→ **WHAT IS BEING ASKED**: An exact copy of the lines from the top of the data through the line with "Hello, today I'm" is what you should give, with no pictures in it.

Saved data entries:
※

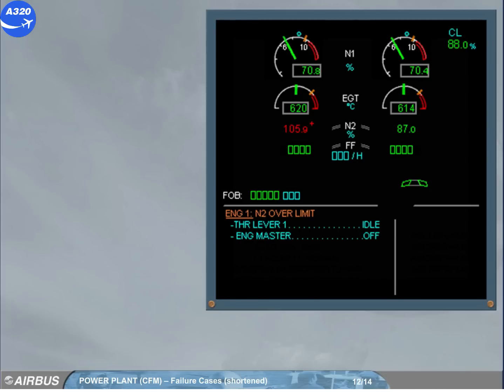If the N2 has exceeded a value greater than previously, the message will ask you to shut down the engine. The over limit red cross will stay displayed even if the N2 is back to the normal range.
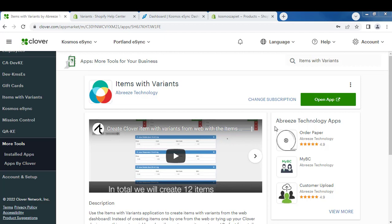Hello, today I'm going to show you how to add Items with Variants. These are products that have colors or sizes like clothing.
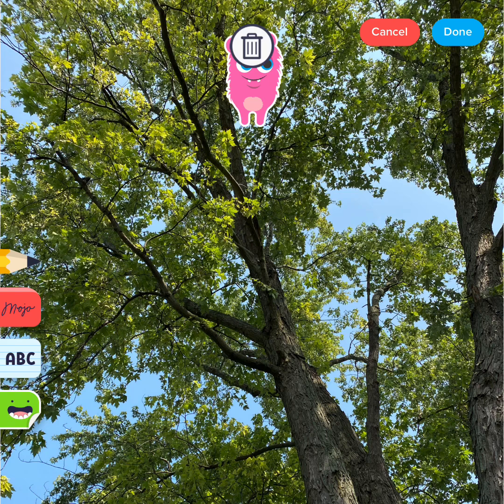If you change your mind on a sticker, just drag it into the trash can.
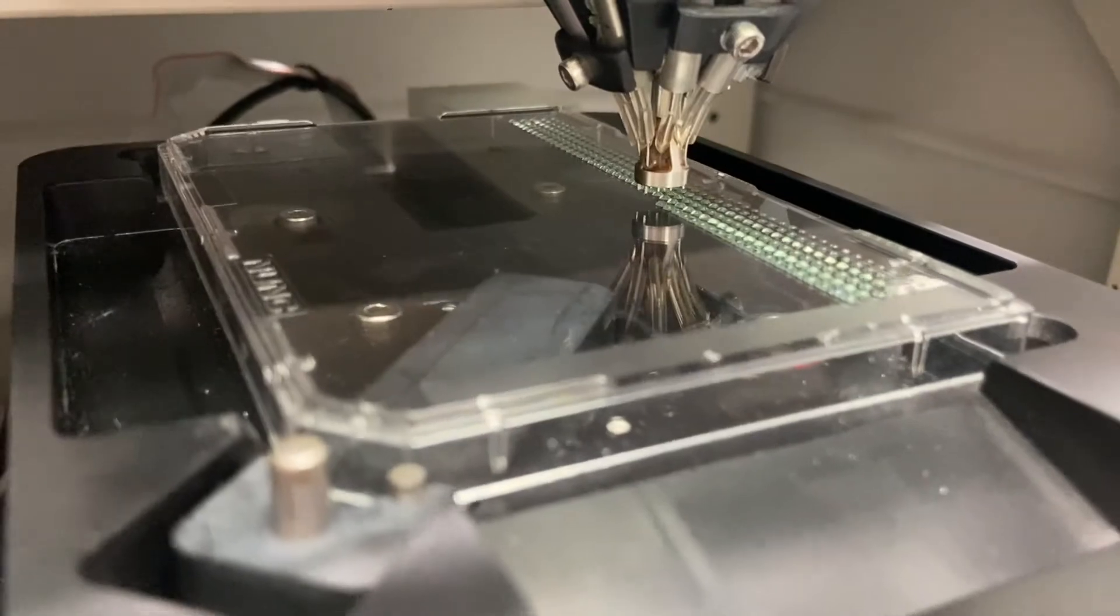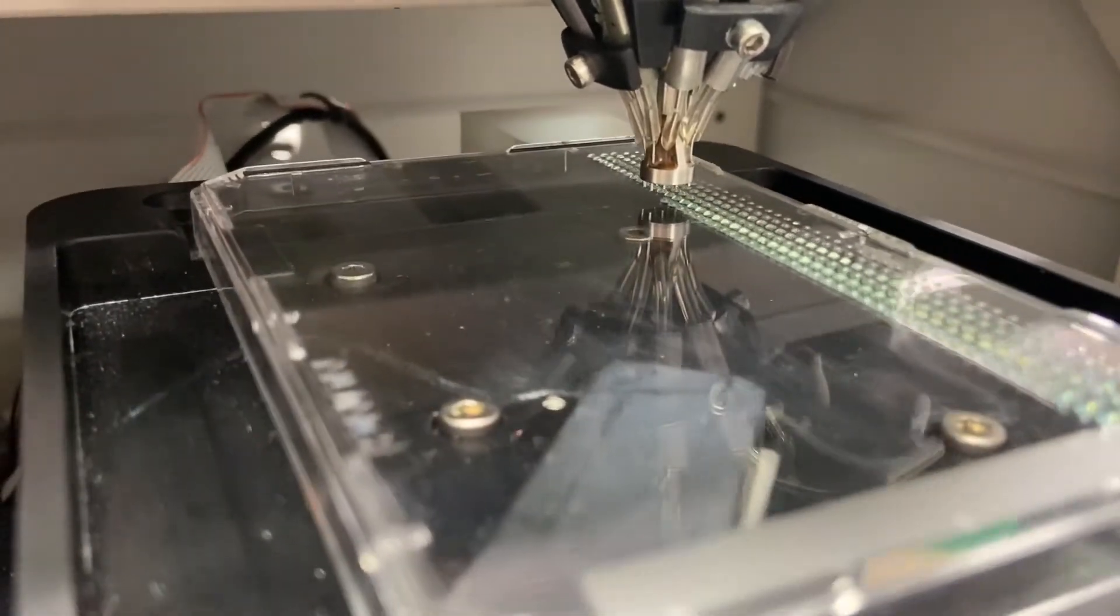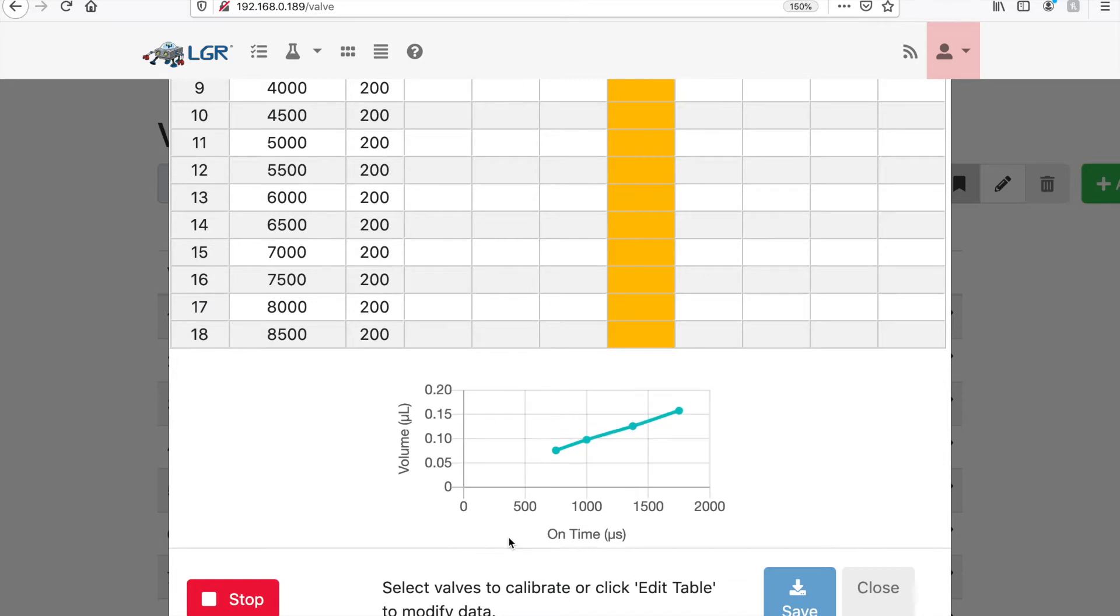The droplet volume size ranges from 50 nanoliters to 100 microliters, with a full calibration curve on the valves.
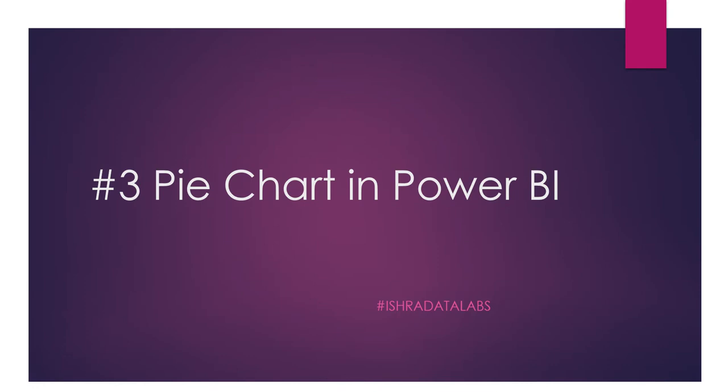Hi hello guys and welcome back to the channel Power BI Visualizations and the series of the third video. That is pie chart in Power BI. So pie chart is basically where you can see some high level information.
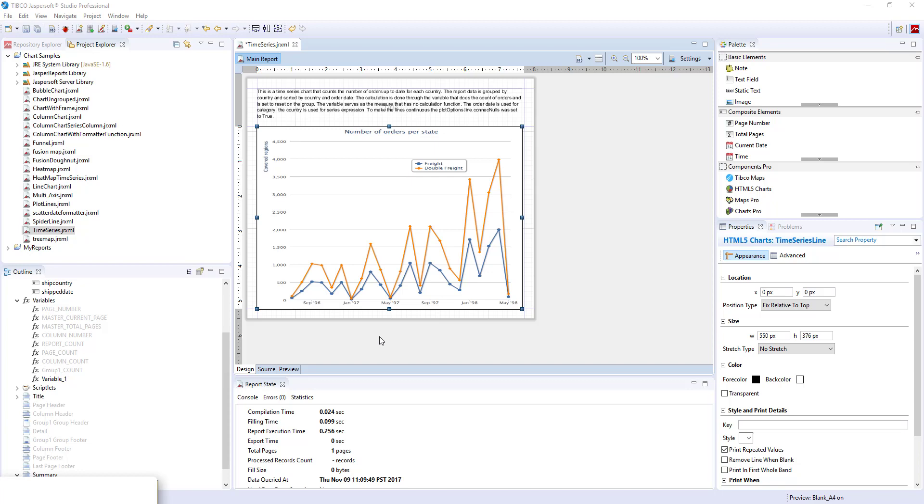Creating a running totals time series chart. The default behavior of time series chart is to display the totals for each tick on date time axis. But what if we want to see how the value changes over time? For example, we want to see how the number of orders for each country grew over time.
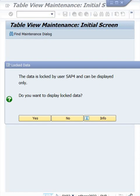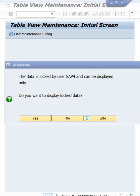Hi guys, welcome to Kumar Consulting. Look at here - this is a very common issue when you're doing configurations. Let's suppose you're doing enterprise structure, basic settings, or whatever initial configurations, no matter which modules. Most likely you get this kind of issue: the data is locked by a particular user ID.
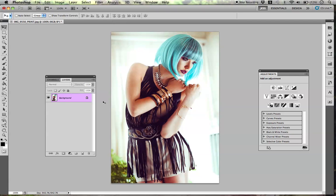Hey everyone, Jessica Cabasey here. In today's tutorial, I'm going to be going over how to use the Liquify tool in Photoshop.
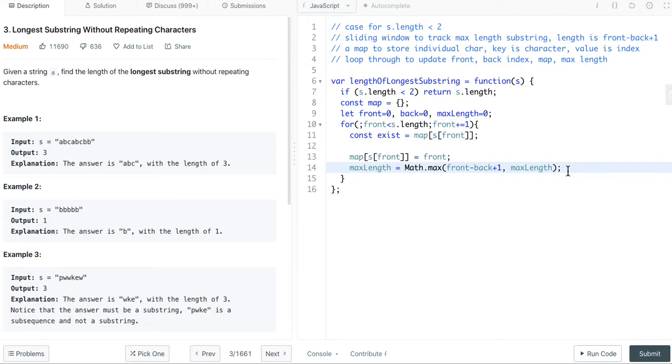If the value is already in the map, we can simply update the back index to make it move forward.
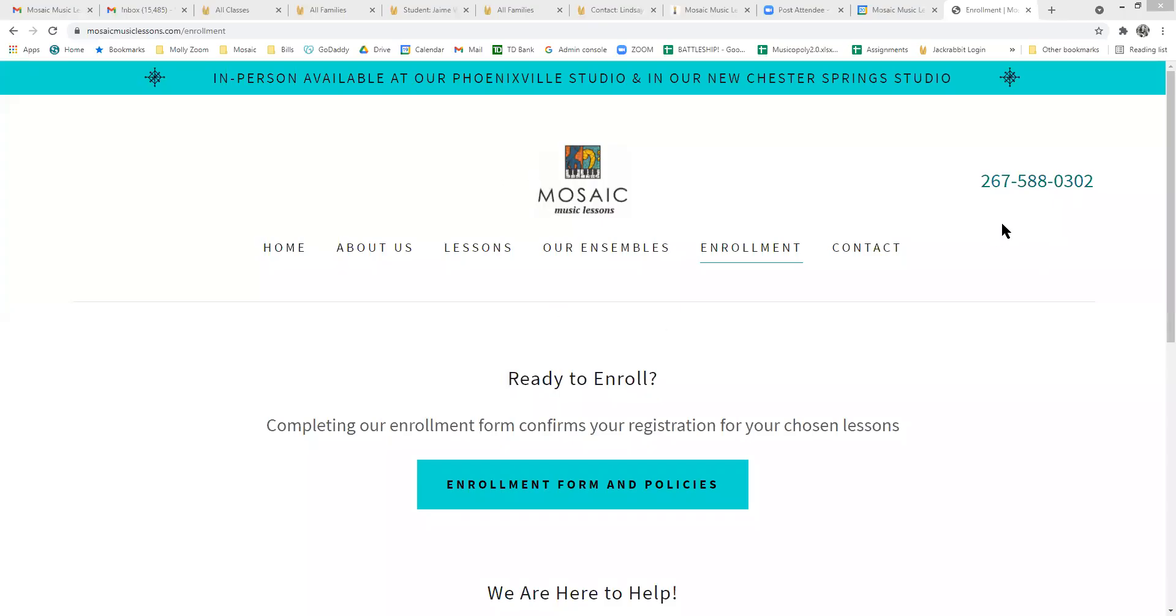So you're ready to enroll in lessons. Wonderful. We're going to direct you to visit mosaicmusiclessons.com.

※

→ **EXERCISE RESULT**:
If the N2 has exceeded a value greater than previously, the message will ask you to shut down the engine. The over limit red cross will stay displayed even if the N2 is back to the normal range.
Hello, today I'm going to show you how to add Items with Variants. These are products that have colors or sizes like clothing.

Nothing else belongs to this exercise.